Reputation: 146
I've been learning some Haskell lately, and I thought a lexer might be a fun project. I'm using this ANSI C Yacc grammar as a guide.
The general program structure is:
lex :: [Char] -> Maybe [Token]
lex s =
case tokenize([], s) of
Just (tokens, []) -> Just tokens
_ -> Nothing
tokenize :: ([Token], [Char]) -> Maybe ([Token], [Char])
Where tokenize
builds a list of tokens. I'm having trouble thinking of a suitable structure for tokenize
. For example, to match keywords like int
, I could write:
tokenize (toks, 'i':'n':'t':' ':rest) = tokenize (toks++[TokenKeyword IntK], rest)
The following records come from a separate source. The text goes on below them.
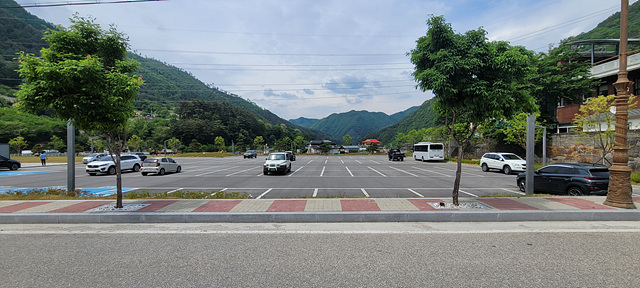 주차장(화암면잔디광…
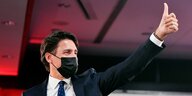 Justin Trudeau trägt eine Mundschutzmaske und reckt den Daumen hoch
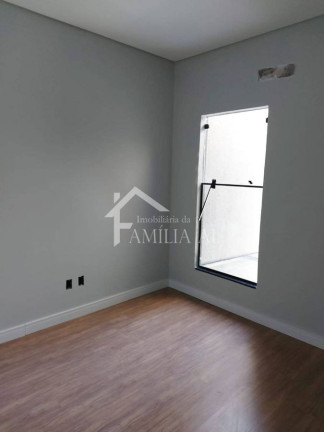 Imagem Sobrado com 3 Quartos à Venda, 135 m² em Floresta - Joinville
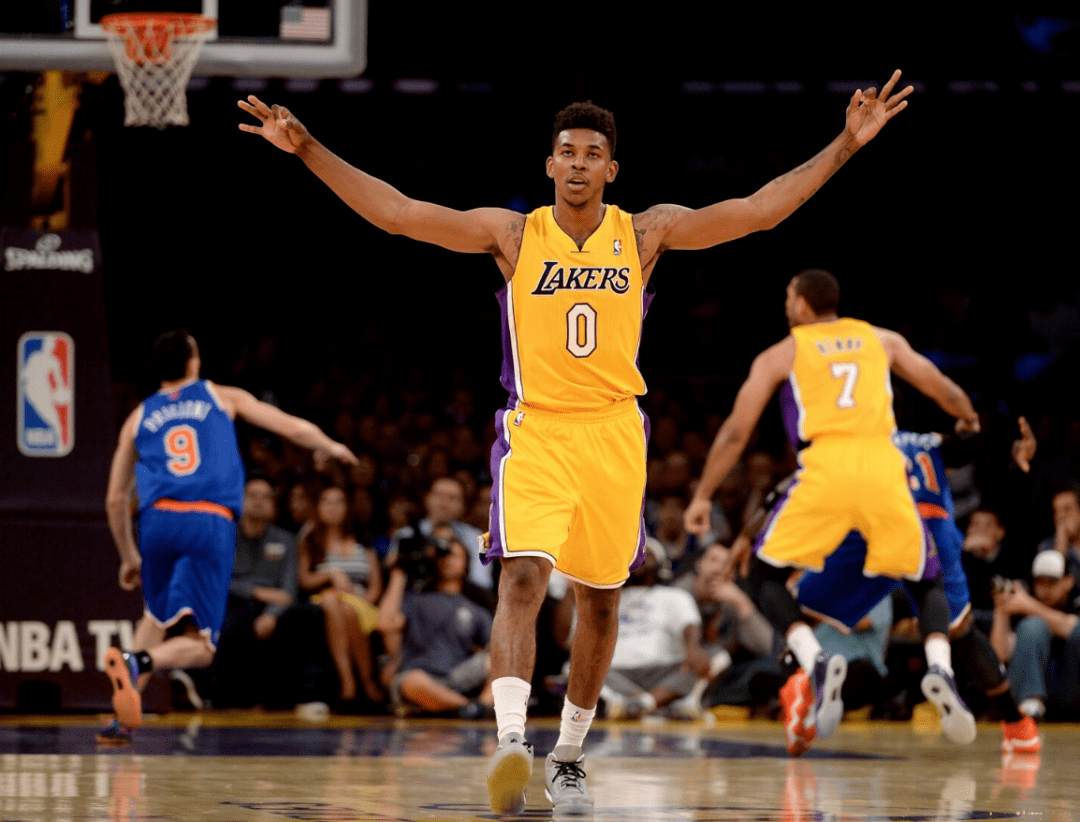 里夫斯：背靠背作战我们很晚才到达，我开局打得真的很差（里夫斯谈背靠背：我们抵达太晚，自己开局表现糟糕）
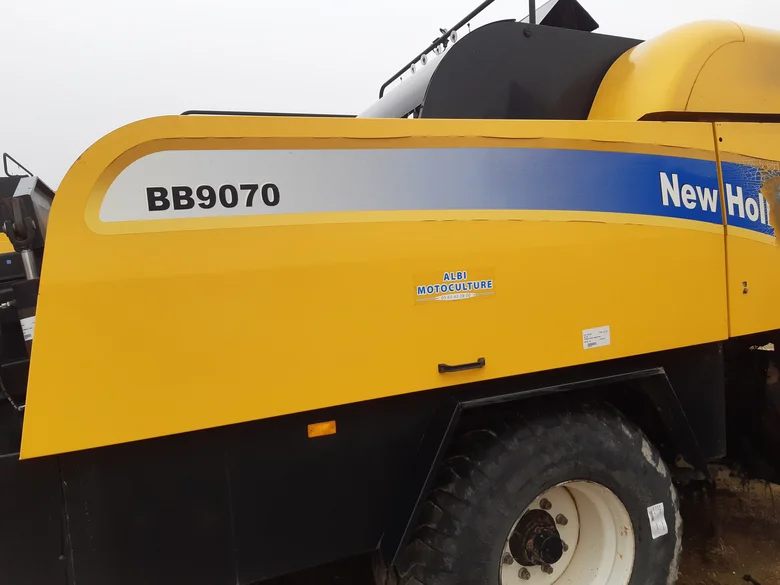 Panneau latéral pour NEW-HOLLAND BB 9070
But this seems like a terrible way to do things. Is there a way to pattern match against elements in a list? Could I create a list of all keywords, and attempt to match them as prefixes of the input string?
Upvotes: 0
Views: 402
Reputation: 1310
If you want to match based on a string prefix, you could use the ViewPatterns extension. This extension can be enabled by passing -XViewPatterns to the compiler, by running :set -XViewPatterns
in ghci, or by putting {-# LANGUAGE ViewPatterns #-}
at the top of the file.
Then, you can write a function matchPrefix
(not 100% optimal, as it does iterate over prefix
twice):
matchPrefix :: String -> String -> Maybe String
matchPrefix prefix result
| and (zipWith (==) prefix result) = Just (drop (length prefix) result)
| otherwise = Nothing
And then use it in a pattern like the following:
startsWithInt :: String -> Bool
startsWithInt (matchPrefix "int " -> Just rest) = True
startsWithInt _ = False
If you wanted to match based on a list of tokens, and get out the rest of the string and which token matched, you could do that by modifying matchPrefix
to do that instead.
Upvotes: 1